Steps 1–4 above; this is the standard parity workflow

2

Hook firing / gradient flow

The hook isn’t registered, or it’s firing on a tensor that’s been replaced (in-place op). Grep adapter for in-place ops on hookable tensors.

3

Weight processing

Run with no_processing=True to isolate. Then bisect compat-mode flags per §3 above.

4

Text-generation quality

Usually tokenizer policy: default_prepend_bos, padding side, EOS handling, chat-template wiring. Tokenizer behaviour is per-model, not per-architecture — check the target’s tokenizer_config.json, don’t inherit from a sibling. Less often, a generation-loop divergence; rerun with --no-ht-reference to skip HT comparison.

7

Multimodal alignment

Vision encoder output drift or projection mismatch. Llava / Gemma3-multimodal only.

8

Audio

HuBERT only; check CTC head and audio-feature alignment.

6. What “fp noise” actually looks like

Empirically, in this codebase:

  • fp32, eager attention, single forward: HF vs Bridge max-abs diff is typically < 5e-5. Anything ≥ 1e-4 is suspicious.

  • bf16, eager: < 1e-2 is the noise floor.

  • fp32, sdpa: < 5e-4 due to sdpa’s internal reductions. Use eager for parity tests.

If you suspect noise, the cheap proof is to run fp64: dtype=torch.float64 on both sides. If the diff stays the same magnitude, it’s a bug. If it drops by ~8 orders of magnitude, it was noise. See the numerical-work conventions in contributing.md for more context on why this check is worth running.

7. Tooling

  • make integration-test PYTEST_ADDOPTS="-k <arch> -s" — focused run with stdout.

  • transformer_lens/scratch.py (gitignored) — drop one-off bisection scripts here without polluting git status.

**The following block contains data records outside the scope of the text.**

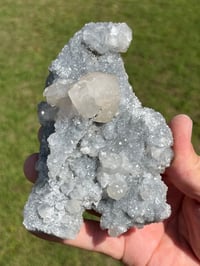 Image 15 of UV Calcite On Druzy Quartz Crystal Specimen #2205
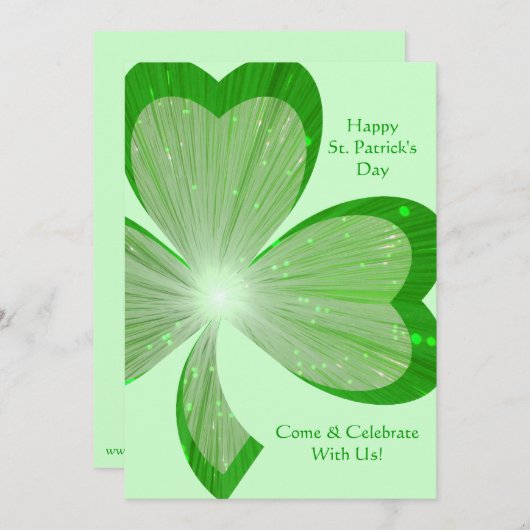 Shamrock 'Happy St.Patrick's Day' uitnodiging groe (Voorkant / Achterkant)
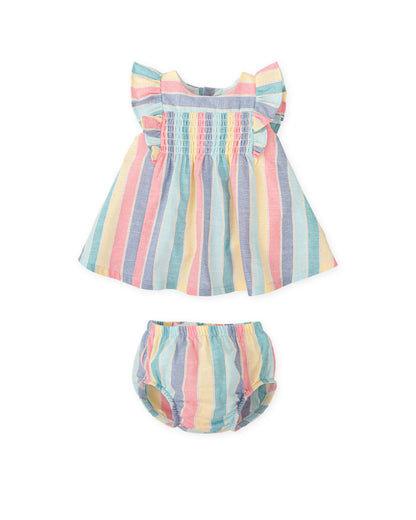 Vestido con braguita Rayas Multicolor - Tutto Piccolo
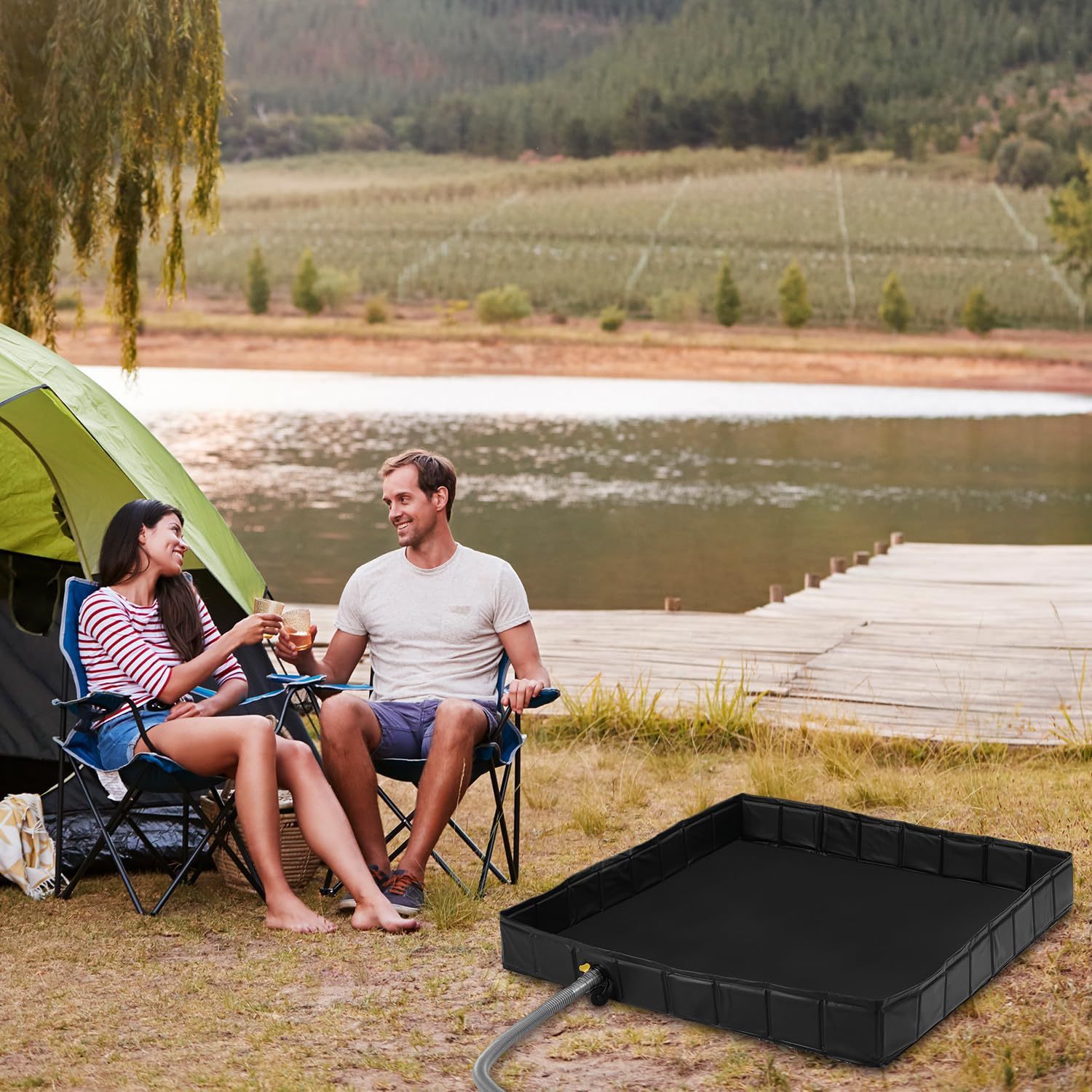 Лучший портативный водный бассейн для автомобилей, складной мобильный купель для купания на улице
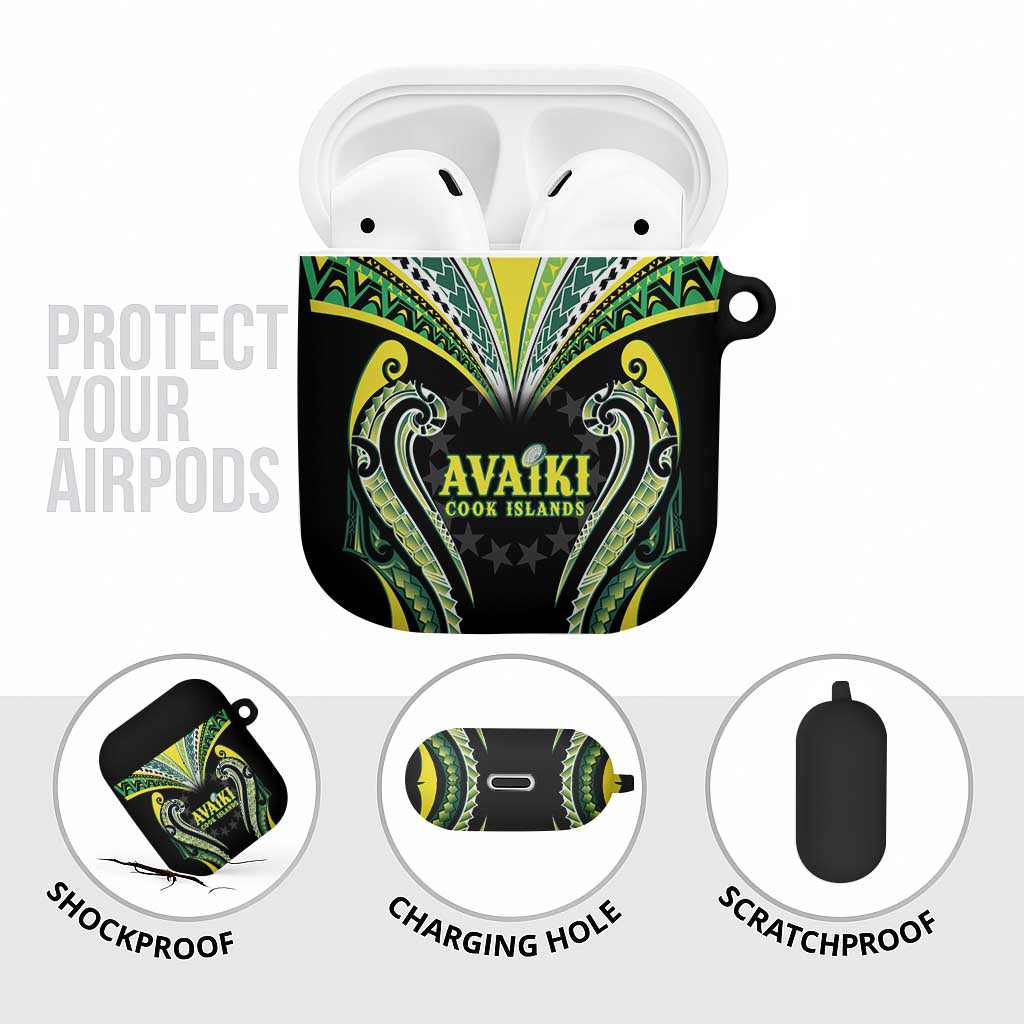 Rugby Cook Islands Avaiki AirPods Case Black Kuki Airani Tribal Maori Inspired LT9 - Polynesian Pride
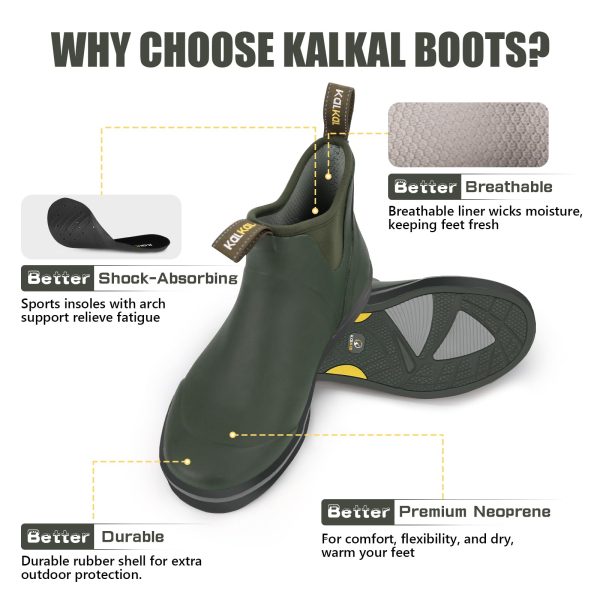 Men's Deck Boots Anti-Slip Saltwater Fishing Rain Boots with Memory Foam, Waterproof Rubber Ankle Work Boots for Sailing (Size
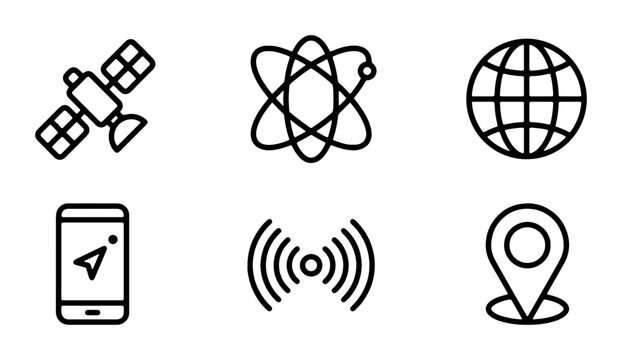 Technology Icons: Satellite, Atom, Globe, GPS Phone, Signal, Location Pin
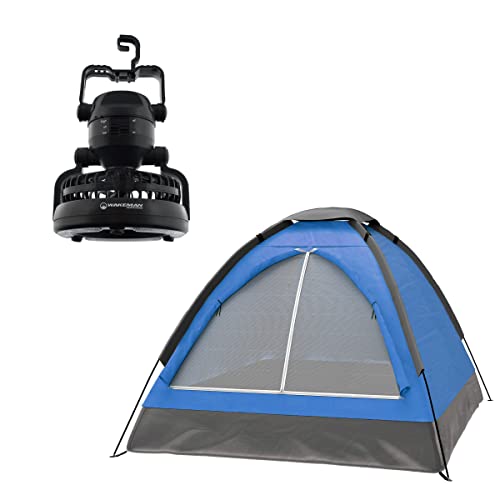 2 Person Tent – Camping Gear Set with Outdoor Dome Tent and Hanging LED Lantern Fan for Backpacking, Hiking, or Backyard by Wakeman Outdoors (Blue)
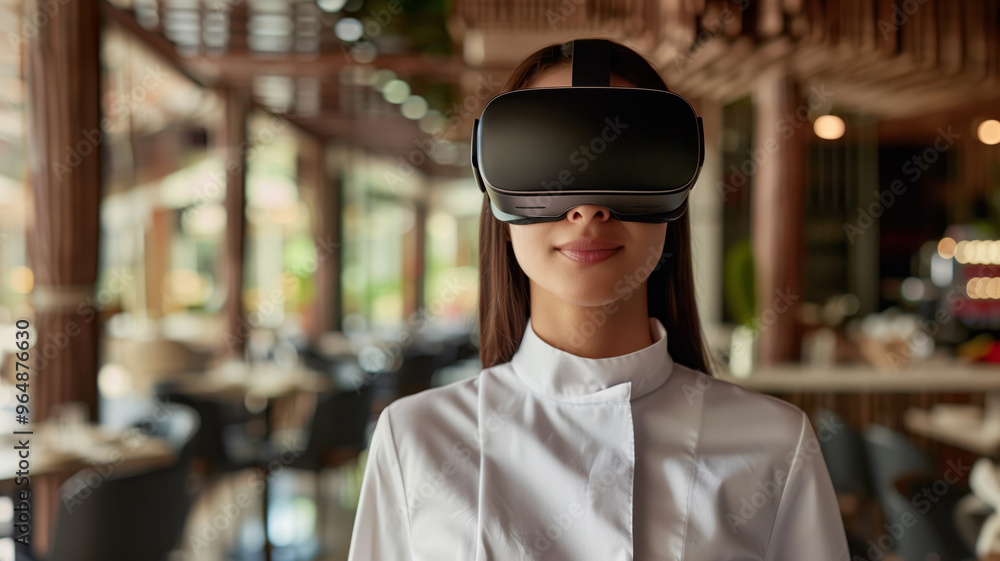 Close-up of a woman vearing a VR Virtual Reality headset with a modern restaurant in the background Close-up of a woman vearing a VR Virtual Reality headset with a modern restaurant in the background
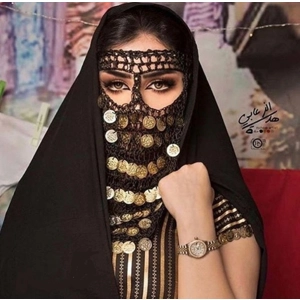 Belly Dancing Coins Face Shield Golden Color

  • .adapter-workspace/ (gitignored) — sibling directory for WIP adapter notes / repros.

  • bridge.run_with_cache(ids) — returns (logits, cache); cache["blocks.{i}.hook_resid_post"] is the easiest path to per-layer diffs.


If you exhaust this guide and still can’t localize the bug, the failure pattern is worth adding to §2 above so the next contributor doesn’t repeat the bisection.